Garnado made a mistake, which allows them to argue ‘what other mistakes were made by the police and more importantly it allows them to attack Kasabian’s story directly.

It allows them to call into question a key piece of her narrative by placing two people on the porch where she only saw a third.

They would have had to have set up the testimony through Kasabian but could have done that by simply having her reiterate her story on cross examination. They saw the blood report in advance. They knew what Granado had to say when he took the stand.

It is actually rather simple: just have her repeat her story on cross examination:

She left the immediate crime scene and then supposedly returned. You do this to set up the thought that she didn’t, in fact, return. You do that because the Granada evidence contradicts her.

Then place her standing at the “LK arrow". From there she could see the porch clearly.

Then get her to confirm she didn’t see what the state’s expert will say must have happened.

Granado on cross examination then says that the one person Kasabian says she saw on the front porch wasn’t there. Where’s Frykowski’s blood?

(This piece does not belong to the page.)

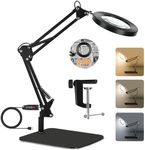 10X Magnifying Desk Lamp with Light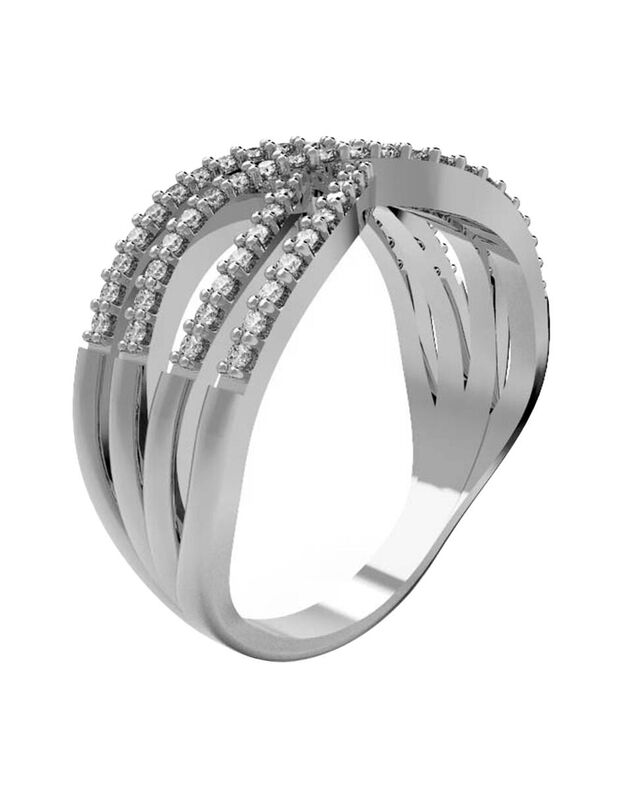 Anillo de Compromiso en Oro de 10K con Circonia... image number null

Instead they did nothing. Why? Well, Fitzgerald tells us why:

Bugliosi: Your Honor, that is a misstatement now. I think Mr. Fitzgerald knows when you say ‘animal,” you are not referring to a human being. I am going to object o that ground. It is a deliberate effort, I think, to get this witness confused.

Mr. Fitzgerald: I don’t know enough to confuse him.

The Court: Overruled.

[Aside: At the very end of Granado's testimony the following discussion ensues.

Mr. Kanarek: Your Honor, before he is excused may we approach the bench, Your Honor?
The Court: Very well.

Kanarek: I would make a motion and request that Mr. manson be allowed to ask the witness several questions in connection with this matter.
The Court: Why?
Kanarek: Well, I think—I think this evidence is very vital to Mr. Manson’s case—it obviously involves material wherein—
The Court: That is not my point. What I am asking you is, why should he be permitted to ask questions rather than you?
Mr. Kanarek: Because of the right to effective counsel, your Honor. [Given Kanarek’s performance a very good point.]

The Court: Any reason you cannot ask the questions?
Mr. Kanarek: No, but he has a desire to do this. I can see no harm coming by asking the questions, a couple of questions of this witness. [It certainly can't be worse then you four.]

The Court: The motion is denied.

Maybe Manson was the only one to recognize the problems with Granado's testimony.]

Bugliosi exaggerated the mistakes made by the police in Helter Skelter. He later takes credit for fixing the problems or avoiding their impact at trial or uses them to demonstrate how much more difficult his task was in securing a conviction because of police errors. Did the police make errors? Yes, they did. But they didn’t make several of those claimed by Bugliosi.